[Image-caption web data]
════════════════════
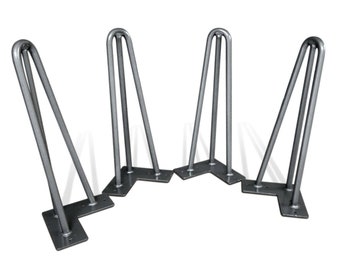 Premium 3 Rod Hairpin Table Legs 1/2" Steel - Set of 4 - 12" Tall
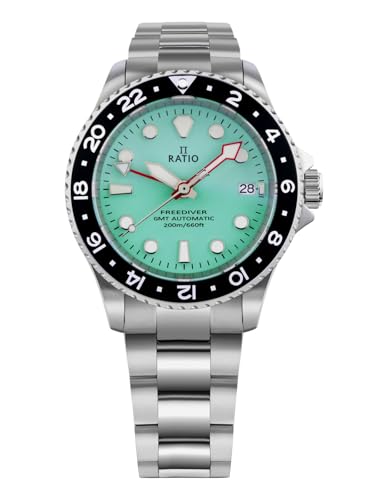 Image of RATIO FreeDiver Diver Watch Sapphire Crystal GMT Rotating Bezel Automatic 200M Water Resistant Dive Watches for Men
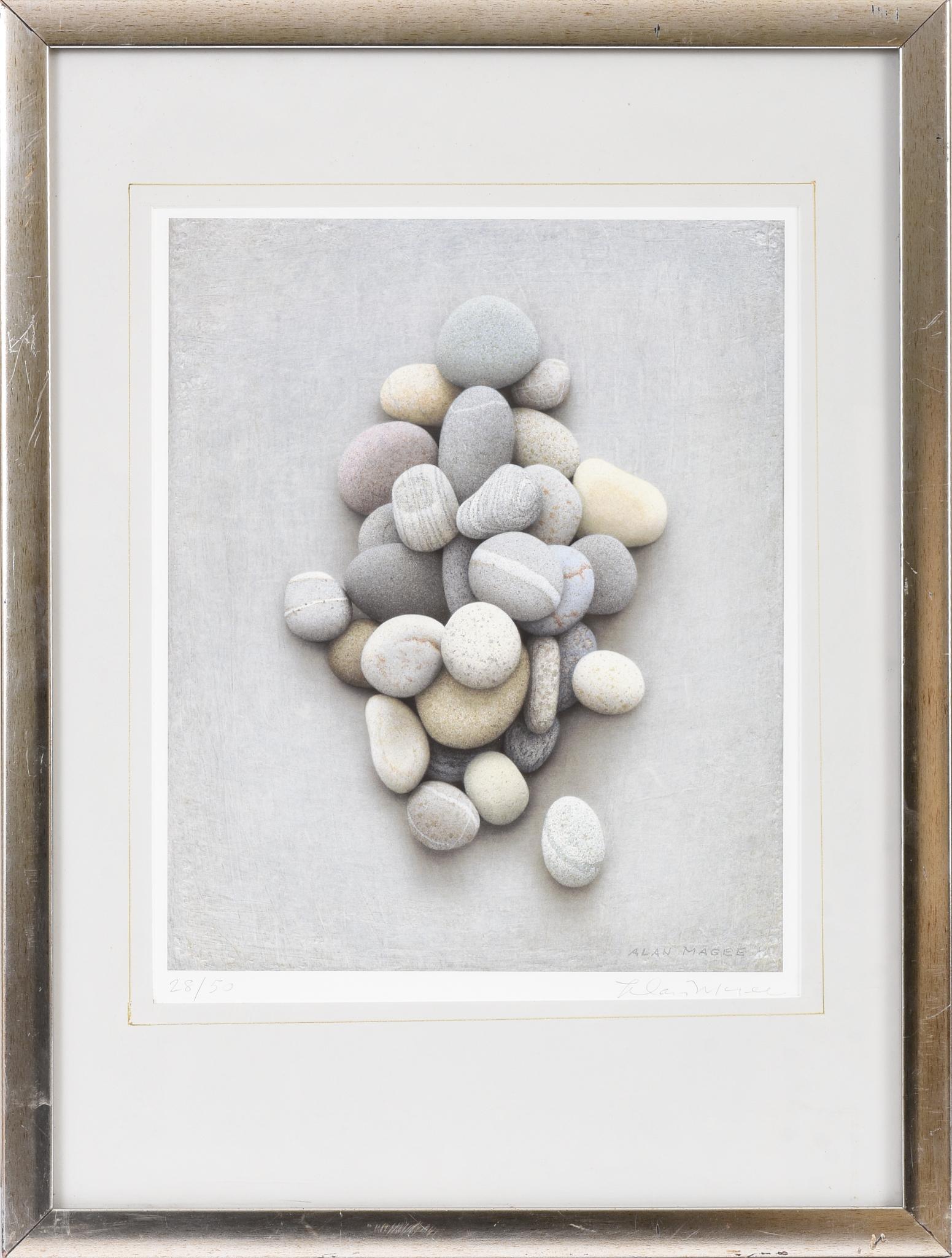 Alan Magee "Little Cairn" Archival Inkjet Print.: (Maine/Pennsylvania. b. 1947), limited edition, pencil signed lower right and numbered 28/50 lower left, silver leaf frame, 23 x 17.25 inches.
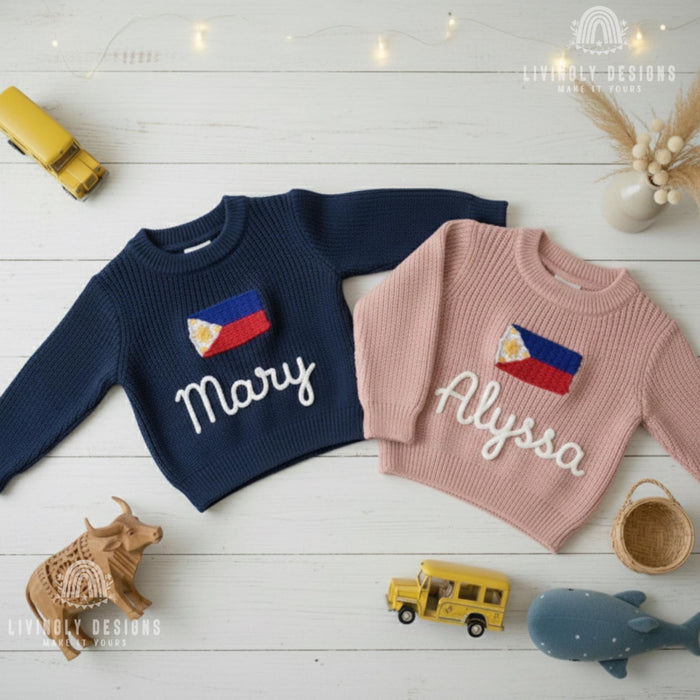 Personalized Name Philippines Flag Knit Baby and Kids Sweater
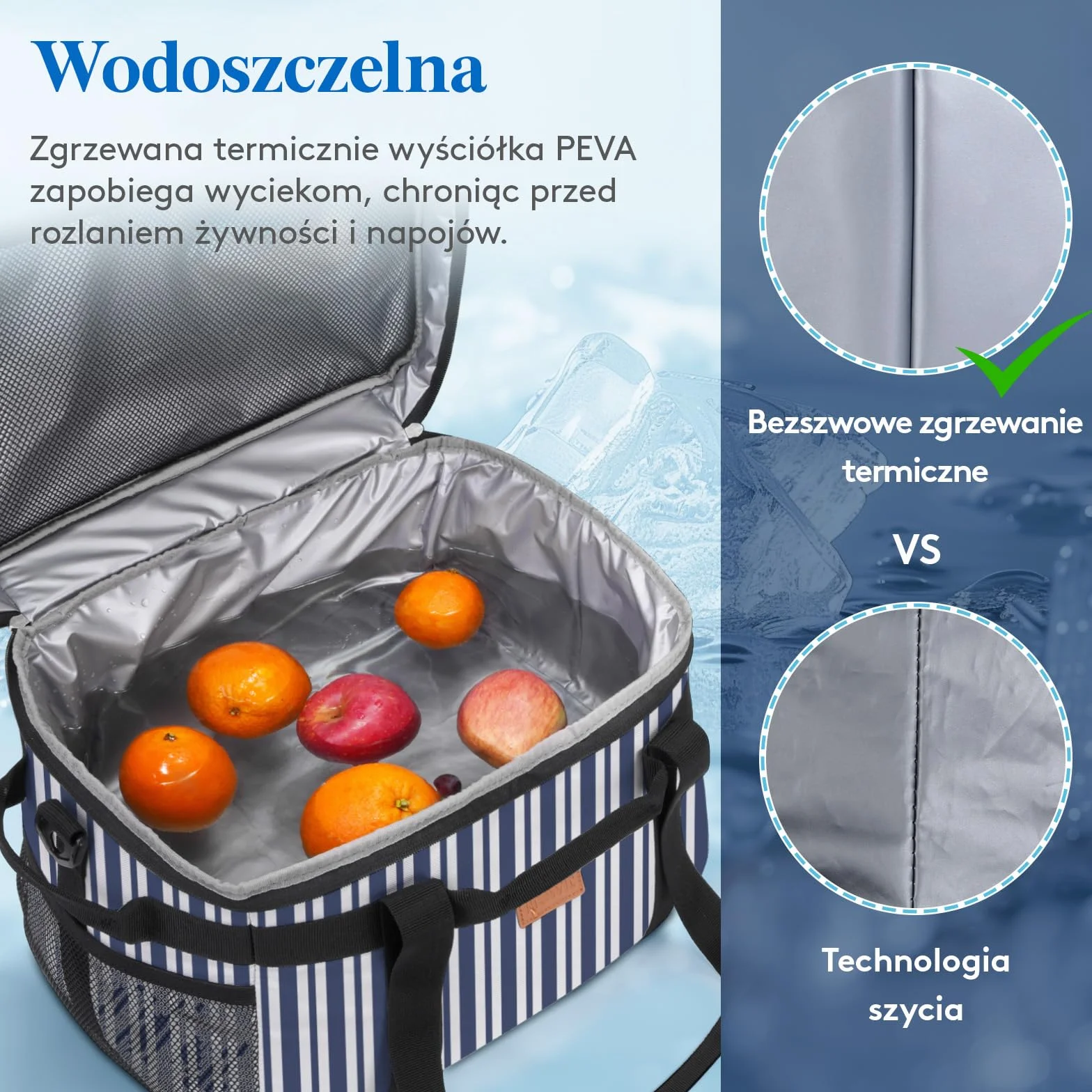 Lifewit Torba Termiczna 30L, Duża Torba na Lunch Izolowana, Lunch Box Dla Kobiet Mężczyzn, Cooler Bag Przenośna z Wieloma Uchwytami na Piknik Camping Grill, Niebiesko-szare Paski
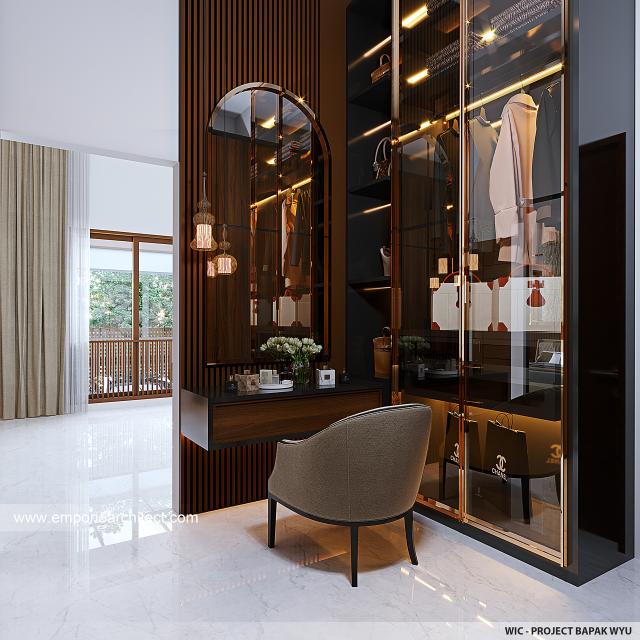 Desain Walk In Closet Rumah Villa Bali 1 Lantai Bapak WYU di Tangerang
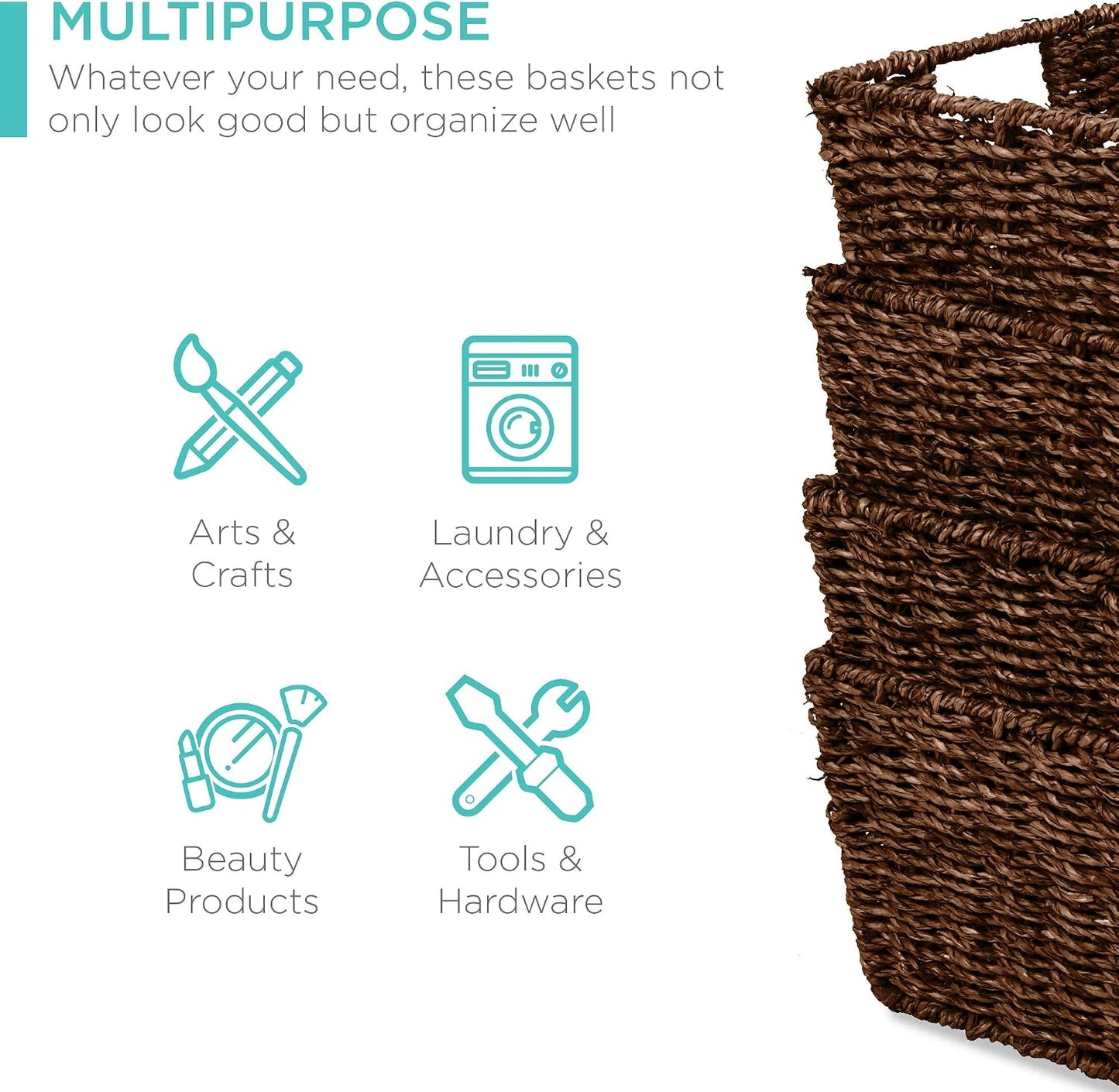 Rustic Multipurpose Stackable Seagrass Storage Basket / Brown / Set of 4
════════════════════
[WORK TO BE COMPLETED]:
Word for word, write out each of the records, but not the pictures.

[WRITTEN SOLUTION]:
 Premium 3 Rod Hairpin Table Legs 1/2" Steel - Set of 4 - 12" Tall
 Image of RATIO FreeDiver Diver Watch Sapphire Crystal GMT Rotating Bezel Automatic 200M Water Resistant Dive Watches for Men
 Alan Magee "Little Cairn" Archival Inkjet Print.: (Maine/Pennsylvania. b. 1947), limited edition, pencil signed lower right and numbered 28/50 lower left, silver leaf frame, 23 x 17.25 inches.
 Personalized Name Philippines Flag Knit Baby and Kids Sweater
 Lifewit Torba Termiczna 30L, Duża Torba na Lunch Izolowana, Lunch Box Dla Kobiet Mężczyzn, Cooler Bag Przenośna z Wieloma Uchwytami na Piknik Camping Grill, Niebiesko-szare Paski
 Desain Walk In Closet Rumah Villa Bali 1 Lantai Bapak WYU di Tangerang
 Rustic Multipurpose Stackable Seagrass Storage Basket / Brown / Set of 4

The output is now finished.